Desde la perspectiva de una visión abarcadora de las normas procesales y especialmente de los principios incorporados al CCyCN, y a la luz del objetivo declarado de la constitucionalización del derecho privado y el establecimiento de una comunidad de principios entre la Constitución, el derecho público y el derecho privado,[214] no puede ponerse en cuestión al menos de modo genérico, la validez constitucional de las aludidas normas procesales. Los argumentos ya desplegados lo confirman.

Ahora bien, se hace menester desgranar, en un análisis particular, las diversas normas en cuestión y clasificarlas en función de sus finalidades u objetivos, en consonancia con los principios y valores que consagra el Código. Y bajo ese cartabón, finalmente, determinar en relación a cada una si sus contenidos encajan en las condiciones a las cuales la tradicional doctrina de la CSN ha sujetado su validez constitucional.

Buena parte de ese análisis ya ha sido anticipado, por lo que aquí se focalizará la cuestión desde el hontanar de los nuevos paradigmas que se acogen en el CCyCN, en el entendimiento de la ventaja metodológica que aporta el análisis conjunto de las diversas normas que puedan cobijarse bajo un mismo paradigma.

2.5.1. Los paradigmas protectorio, de igualdad y no discriminatorio

Ha de verse que los paradigmas protectorio, de igualdad y no discriminatorio concentran y brindan sustento cuantitativamente a buena parte, sino la gran mayoría, de las novedosas normas procesales sancionadas. Claro que no interesan para este análisis las tradicionales normas procesales acogidas por el Código Vélez y ahora replicadas en el nuevo ordenamiento, más inclinadas naturalmente al resguardo de los propios valores en que se sustentaba –derechos de la libertad, de la propiedad, etc.–. Piénsese simplemente en los preceptos formales meticulosamente destinados a la regulación de las acciones posesorias y reales, entre otras.

El paradigma protectorio por definición tutela a los débiles y su fundamento constitucional es la igualdad; considera a la persona concreta por sobre la idea de un sujeto abstracto y desvinculado de su posición vital. El CCyCN –se ha afirmado–[215] busca la igualdad real y desarrolla una serie de normas orientadas a plasmar una verdadera ética de los vulnerables. De las numerosas situaciones existenciales tomadas en cuenta por el legislador sobresalen, sin duda, aquellas relativas a la materia familiar en general, enraizada ahora en una sociedad abierta, pluralista y multicultural.

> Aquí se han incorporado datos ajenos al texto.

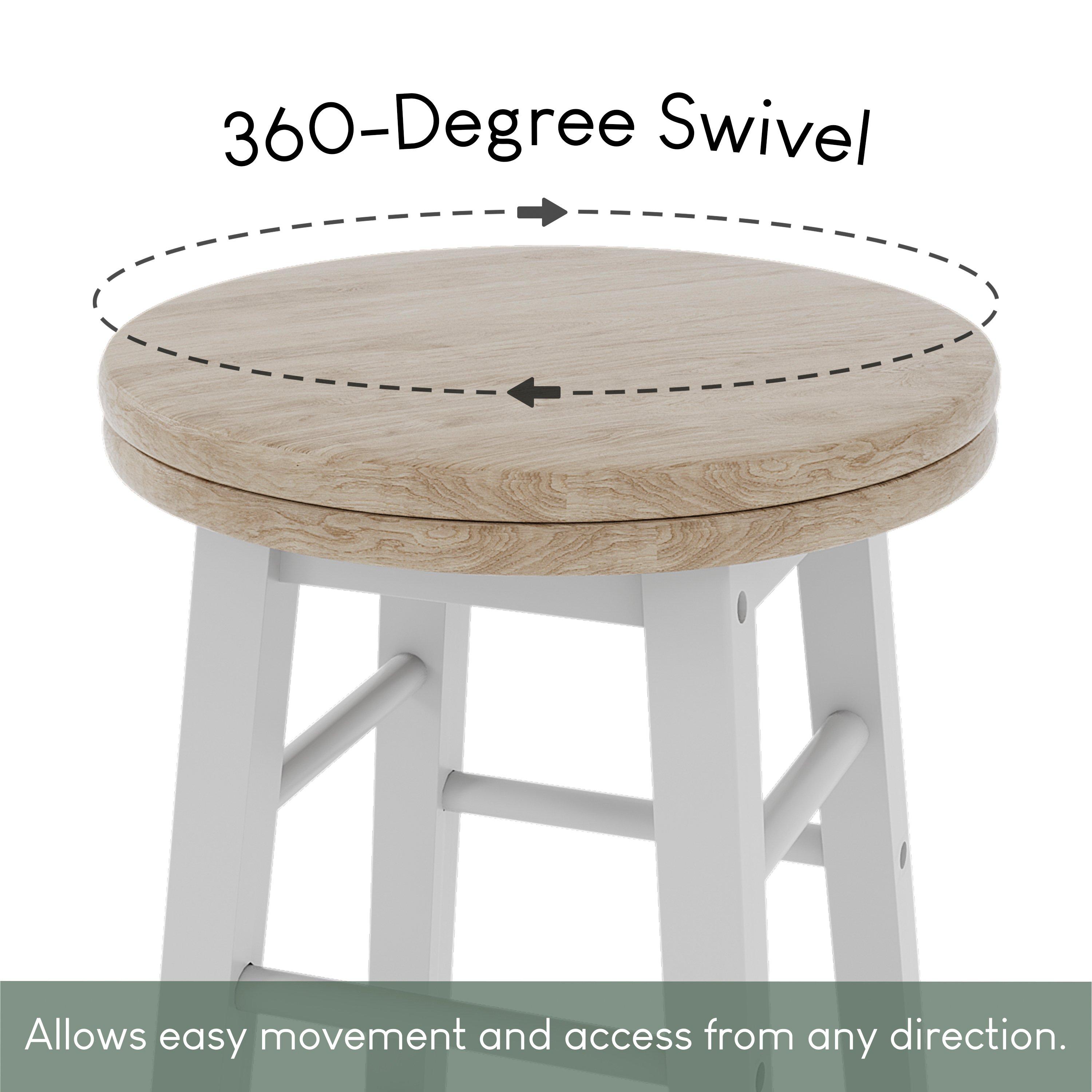 White - Lassic - Chef Vida Wooden Revolving Bar Stool - 4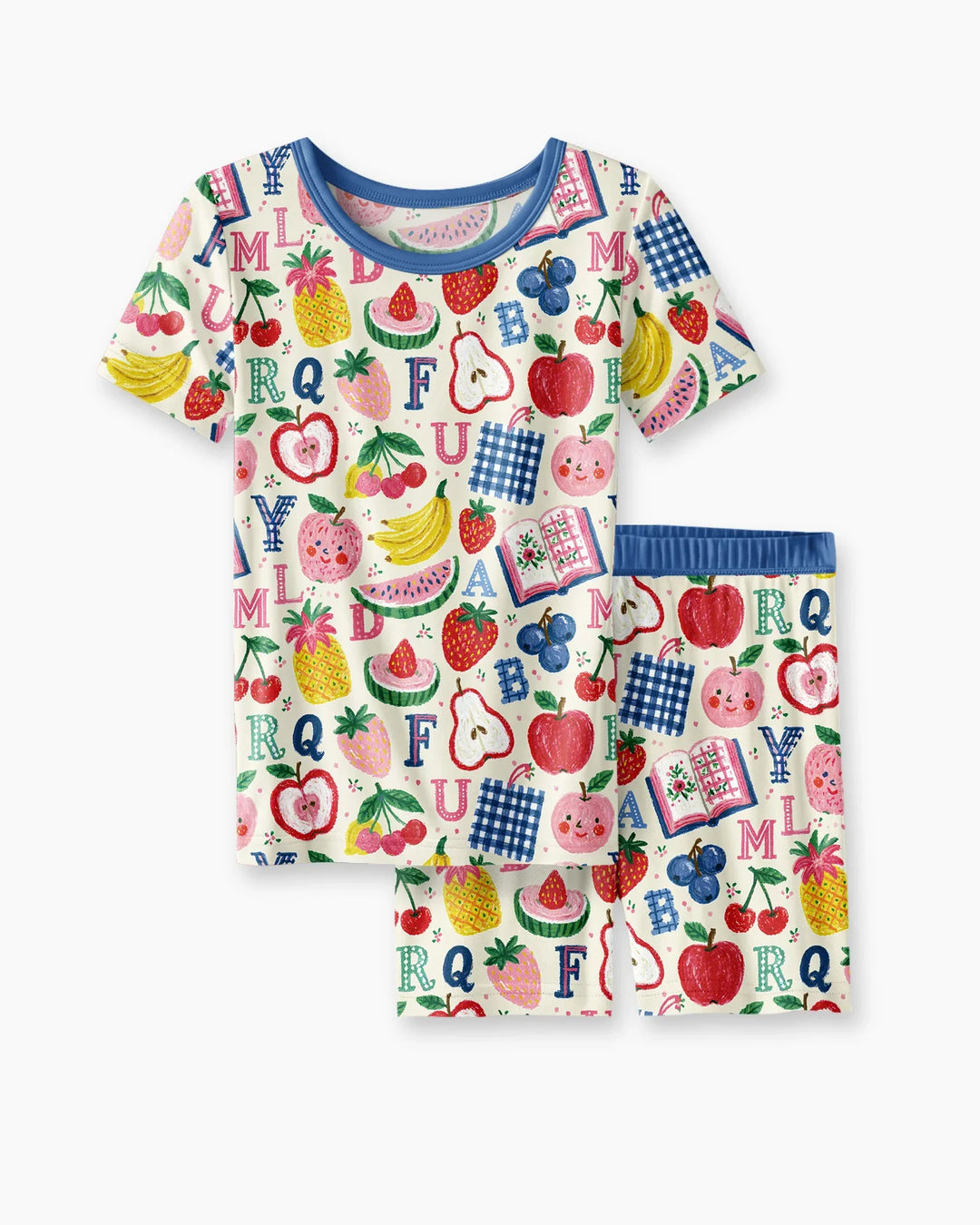 Back To School Fruit Alphabet Bamboo Two Piece Short Sleeve Shorts Pajama Set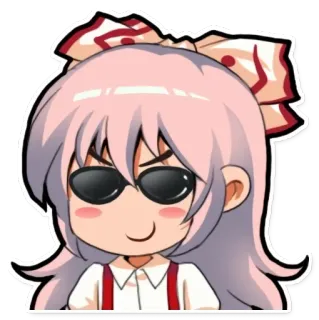 😎 1f0a9cbe Anime, Chica, Personaje, Gafas de sol, Adhesivo, Lindo telegram sticker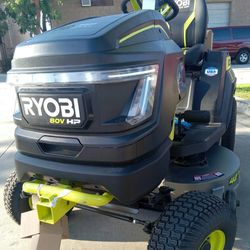 Ryobi 80V HP Brushless 42in. Battery Electric Cordless Riding Lawn Tractor with (3) 80V 10 Ah Batteries and Charger 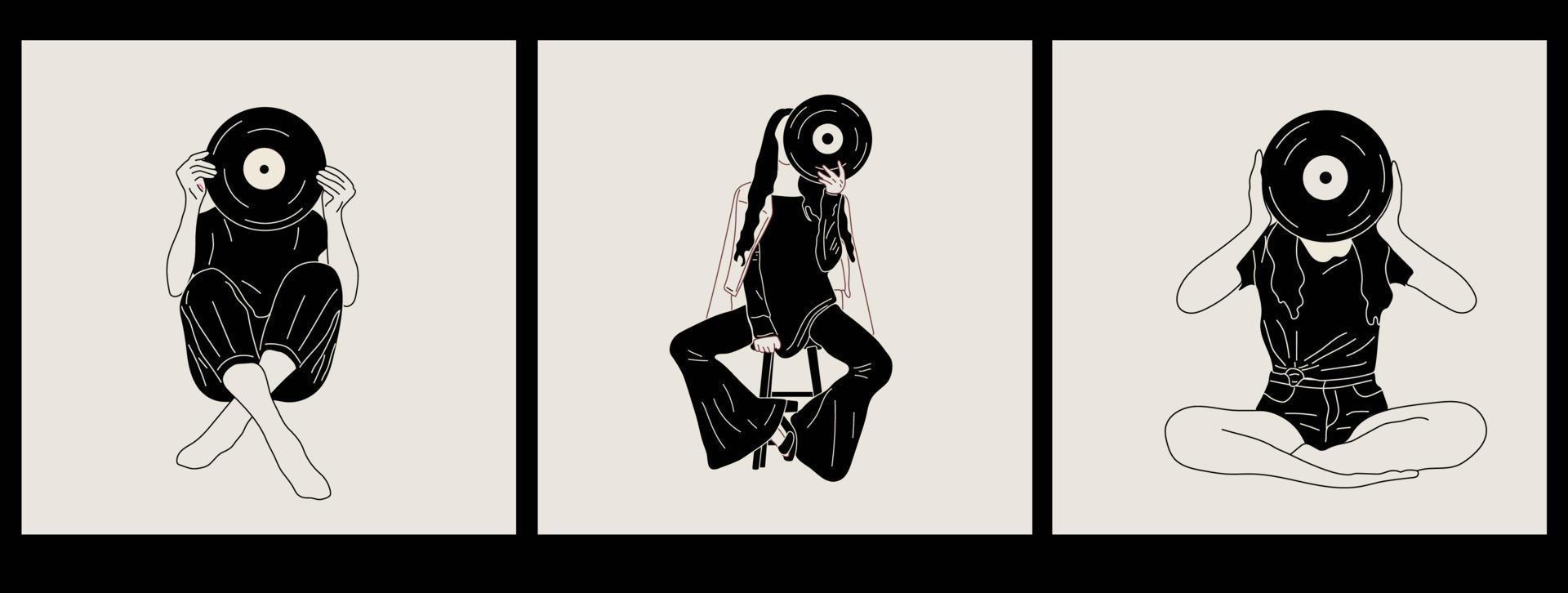 Set of three Girls holds an old vinyl record in her hands .Retro fashion style from 80s. Vector illustrations in black and white colors.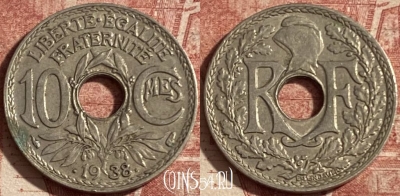 Франция 10 сантимов 1938 года, KM# 889, 286p-118 ♛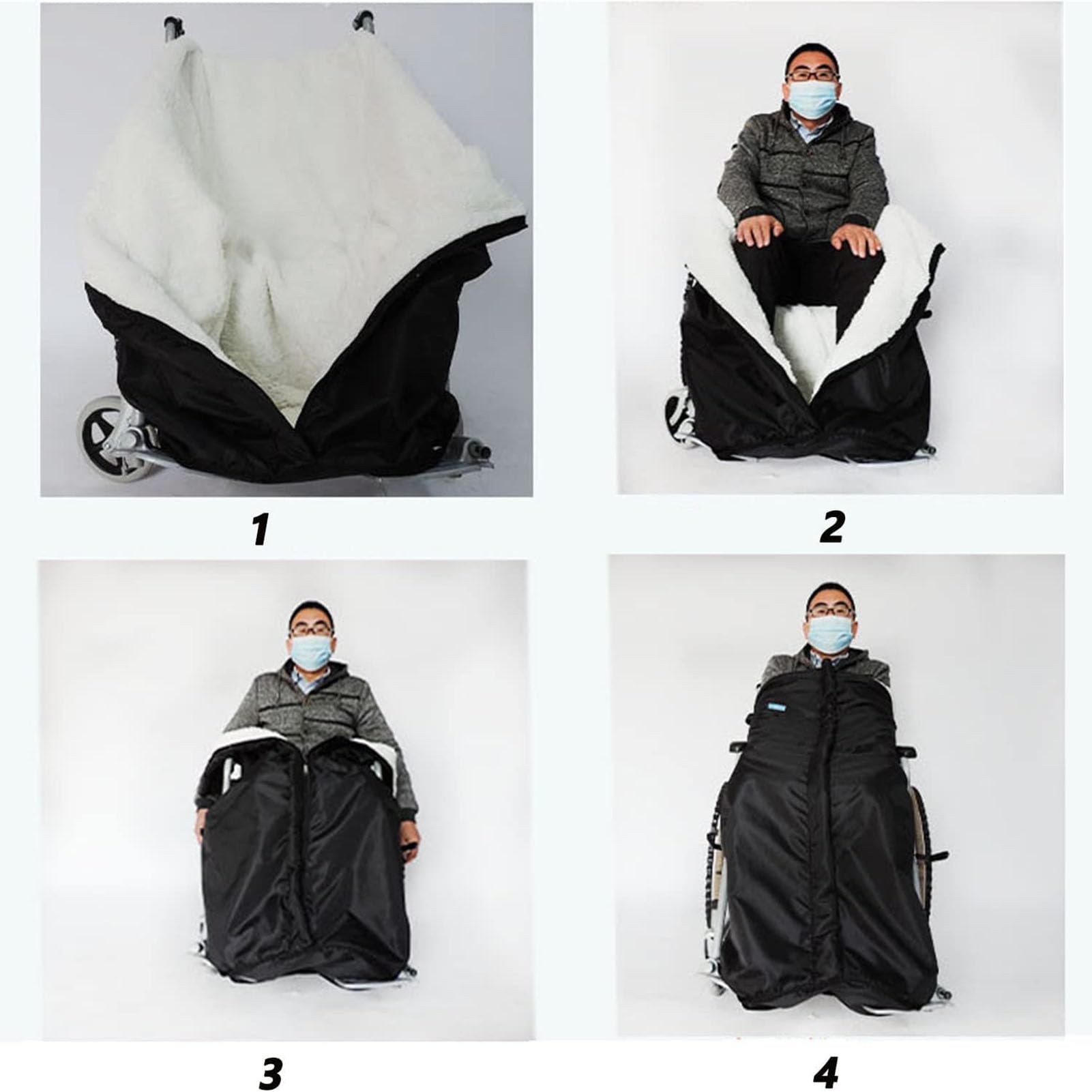 Manta para Silla Ruedas para Calidez Y Comodidad, Invierno Bolsa Cálida Manta Térmica Funda para Silla Ruedas, Manta Térmica para La Parte Inferior del Cuerpo a Prueba Viento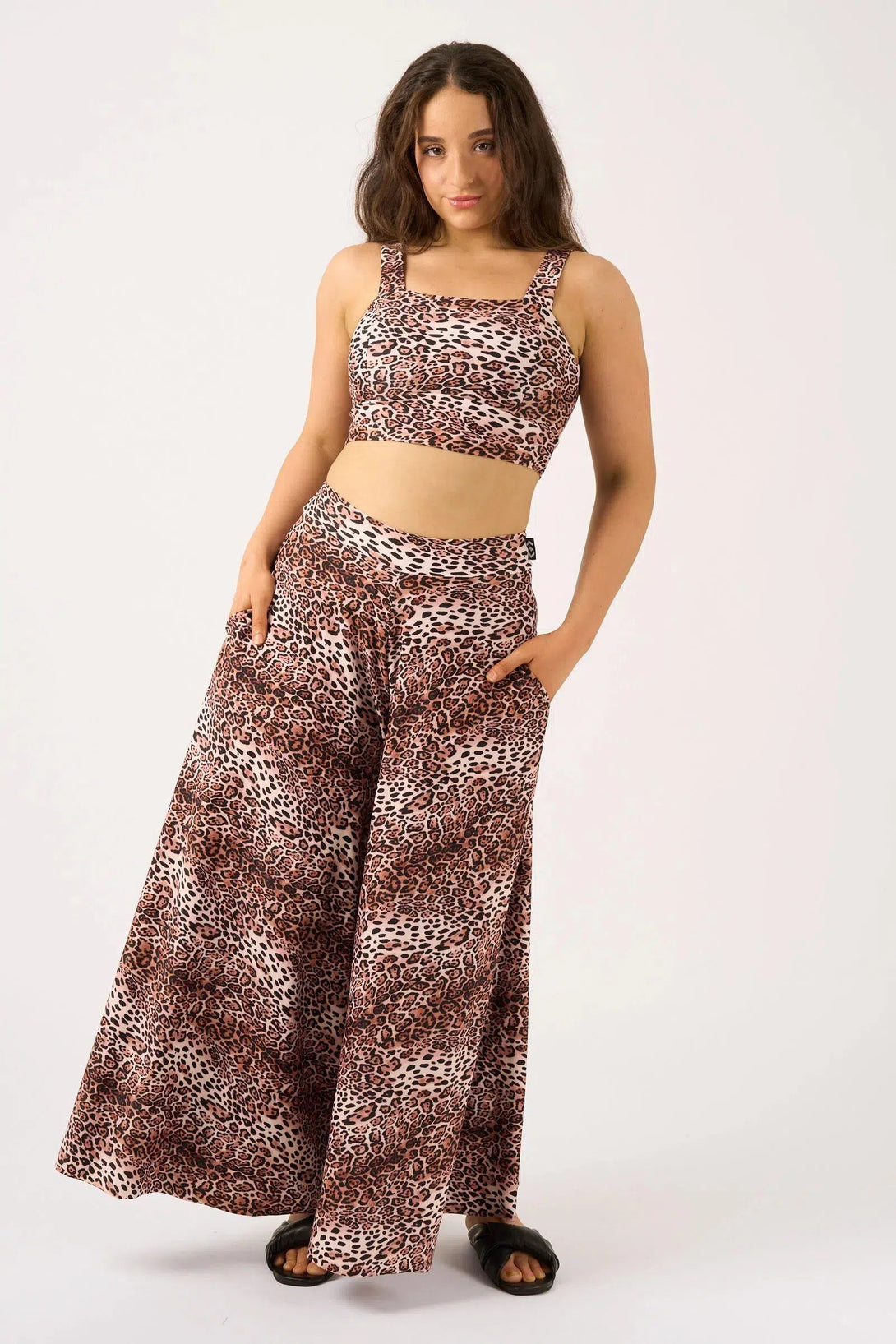 Silky Palazzo Pant With Pocket - Natural Primal Animal-9358328380375-Activewear-Exoticathletica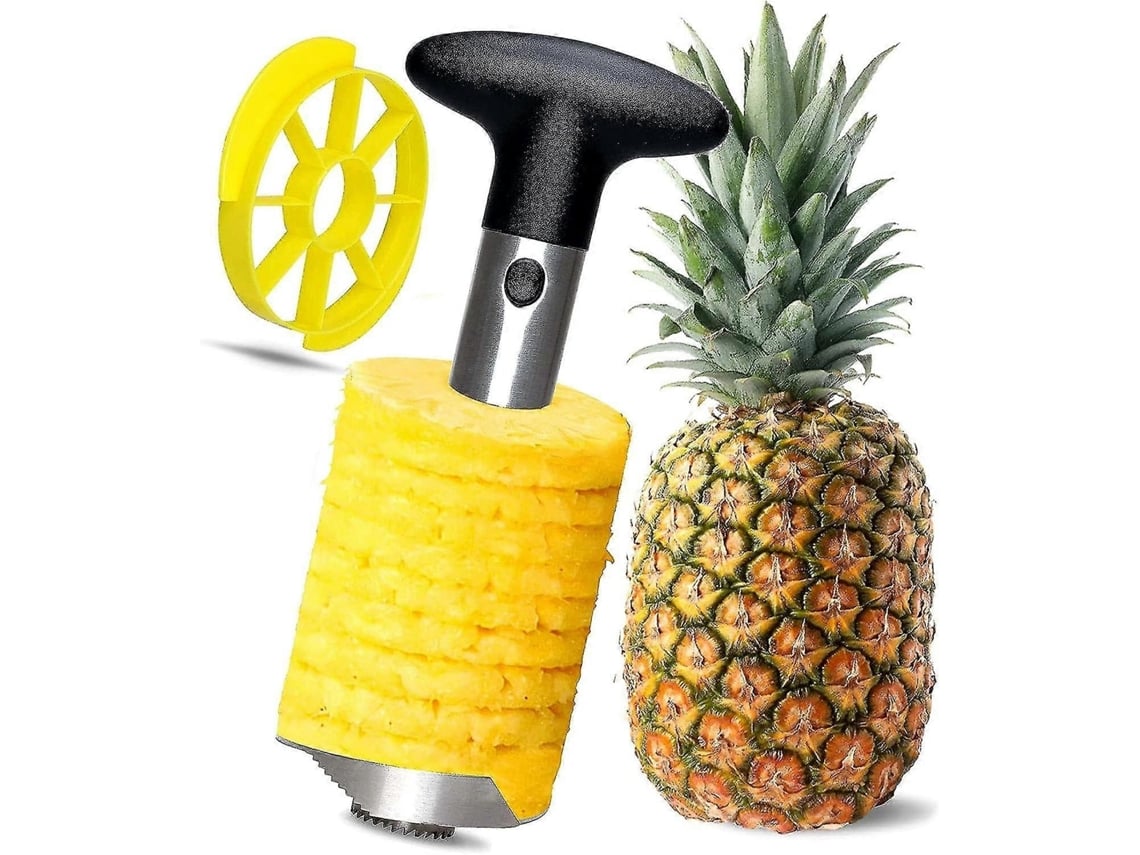 Herramienta Para Pelar Y Cortar Piña Con Extractor De Núcleo Y Cuchilla De Acero Inoxidable, Mango Negro Fácil De Usar
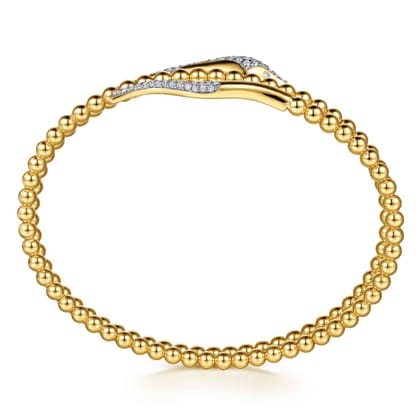 14K Yellow Gold Bujukan Beaded and Diamond Snake Wrapped Bangle Bracelet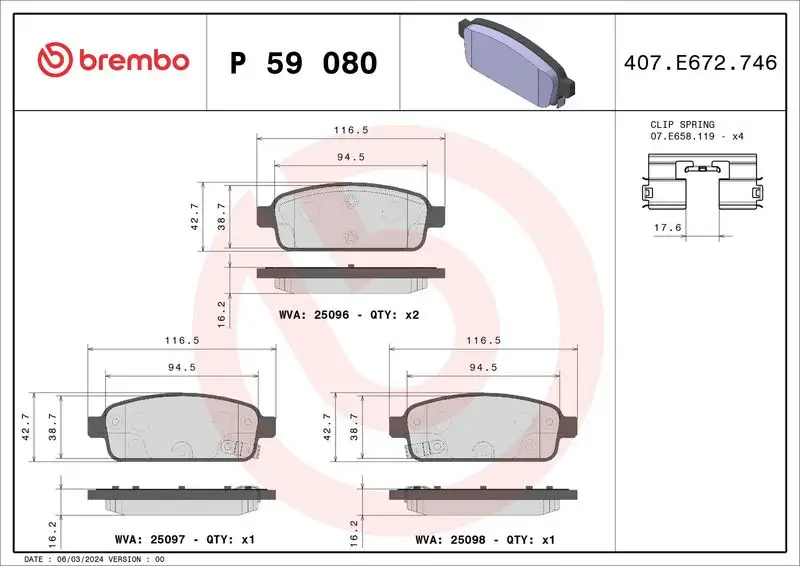 BREMBO P59080 Arka Fren Balatası resmi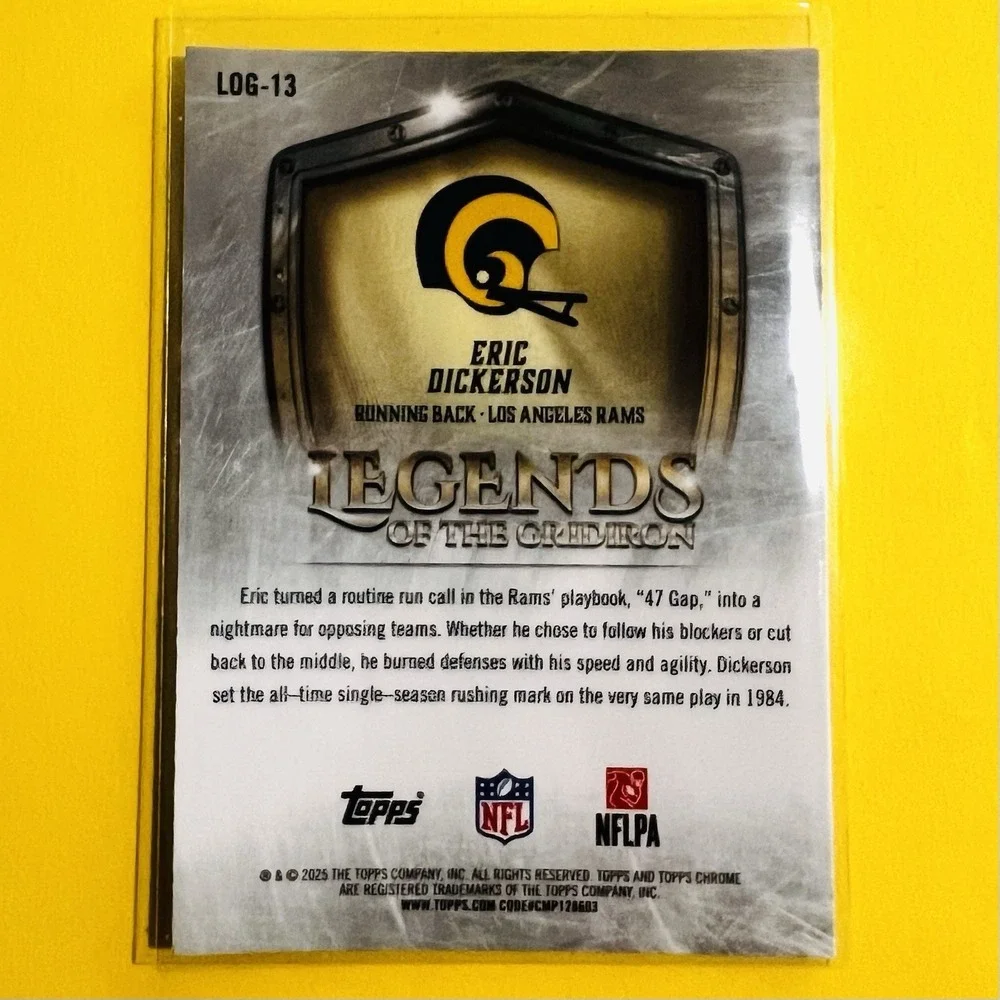 2025 Topps Chrome Football NFL Eric Dickerson Legends of Gridiron LOG-13 Rams‎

Se ha brindado un marco regulatorio a novedosas conductas sociales –uniones convencionales (arts. 509 y ss.), matrimonio igualitario (arts. 402 y ss.), filiación por naturaleza mediante técnicas de reproducción humana asistidas y por adopción (arts. 558 y ss.), entre otras, por mencionar las más destacadas–.

En paralelo y complementariamente, la función protectoria se expresa en las prerrogativas judiciales sustantivas y también procesales. La figura del juez pasa a ocupar en estos conflictos que involucran “derechos sensibles” en general, y particularmente, en los de familia, el centro de la escena del proceso. De ahí el empeño por conferirle atribuciones y poderes-deberes diversos y novedosos, imprescindibles para que pueda cumplir las nuevas misiones que se le encomiendan en este tipo de conflictos, estrechamente vinculados y sustentados en el orden público singular cuya tutela y efectividad le viene confiado –orden público familiar, interés superior del menor, de las personas con discapacidad, etc.–.[216]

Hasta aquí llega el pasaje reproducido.